In 2022–23, Bard Graduate Center expanded its Fields of the Future Fellowships by recruiting visual and performance artists whose research could bring diversity to the field of material culture. Annie Coggan, associate professor of interior design at Pratt Institute and a principal in at the multi-scale design firm, Chairs and Buildings Studio, was selected to be the 2023 Lee B. Anderson Fields of the Future Fellow. Her research at BGC focused on Robert Manwaring, an eighteenth-century furniture designer and cabinet maker based in London, and culminated in a small exhibition of the sketches and models of Manwaring’s designs she completed during her fellowship.
Manwaring, a Chippendale contemporary, was particularly well-known for his chairs. He made distinctive sketches that illustrated two possible styles for each of the chair’s design elements, such as the legs and the back, within the drawing of a single chair. Coggan was drawn to the practicality, understanding of materials, and down-to-earth style reflected in Manwaring’s sketches.
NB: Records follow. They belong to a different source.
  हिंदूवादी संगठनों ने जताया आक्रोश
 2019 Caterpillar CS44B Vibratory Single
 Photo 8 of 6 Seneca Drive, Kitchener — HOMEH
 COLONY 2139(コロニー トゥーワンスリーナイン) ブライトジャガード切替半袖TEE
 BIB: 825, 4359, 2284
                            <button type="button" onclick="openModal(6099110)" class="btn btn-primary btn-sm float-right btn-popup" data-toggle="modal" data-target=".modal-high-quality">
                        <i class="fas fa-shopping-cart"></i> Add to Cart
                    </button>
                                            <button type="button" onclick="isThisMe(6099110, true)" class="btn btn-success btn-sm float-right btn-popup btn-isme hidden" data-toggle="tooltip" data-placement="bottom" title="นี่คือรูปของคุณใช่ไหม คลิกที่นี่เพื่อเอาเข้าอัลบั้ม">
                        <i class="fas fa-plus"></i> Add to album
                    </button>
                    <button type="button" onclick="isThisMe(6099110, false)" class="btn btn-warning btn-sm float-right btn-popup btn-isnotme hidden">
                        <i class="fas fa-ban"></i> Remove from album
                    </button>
Little could Coggan have known when she began her fellowship that her investigations would take her down a rabbit hole that connected Manwaring, a bootstrapping furniture designer, to James Philips, a sailor eager to advance his knowledge and understanding of the world, through the pages of a rare book housed in the BGC library. Nor could she have anticipated that her efforts to improve her understanding of Manwaring would find a kind of resonance with Philips’s efforts to improve himself.
When Coggan embarked on her research, she found a re-bound edition of Manwaring’s designs in the BGC stacks. It was published in 1763, without a formal title, and it is one of three extant copies of the book. The others are in the archives of the Victoria & Albert Museum and the Metropolitan Museum of Art. While in BGC’s possession, the volume had not had much life off the shelves, perhaps because of the flurry of marginalia that marked up many of its pages. At some point on its journey from publication to its current home in the BGC Library, the book passed through Philips’s hands. In the pages’ margins, and sometimes overlapping with the etchings themselves, he had written about his life as a seaman, taught himself mathematics, and pondered philosophical questions.
Soon after Coggan began leafing through the pages of the book, she became obsessed with deciphering Philips’s handwriting. With the help of Anna Helgeson, former associate director of the library, Coggan found records of Philips in Pembrokeshire parish in Wales. By painstakingly decoding his penmanship, she discovered that he traveled aboard a ship bound for the West Indies in 1777 and 1778, and that was likely when he used the book’s pages to provide the paper he needed for his practice.
Philips seemed not to have any interest in Manwaring’s illustrations, but he used the space between them to diligently transcribe word problems from Thomas Dilworth’s Schoolmaster’s Assistant, often substituting names and objects in the problems for people and situations relevant to his own life. In one instance, he posed the question “What is the devil?” before returning to a word problem on the very same page. Through the book’s materiality, Coggan uncovered a narrative of the life of John Philips, a cerebral fellow with a desire to better his occupational standing through math.
Manwaring and Philips were bound together only within the pages of this book. While Coggan ruminated on their unwitting and asynchronous connection, she sketched and created models of the Manwaring designs and detailed her near daily efforts online using the hashtag #beingmanwaring. This quotidien and endurance aspect of Coggan’s practice intuitively reflected Philips’s daily work of self-improvement and exploration.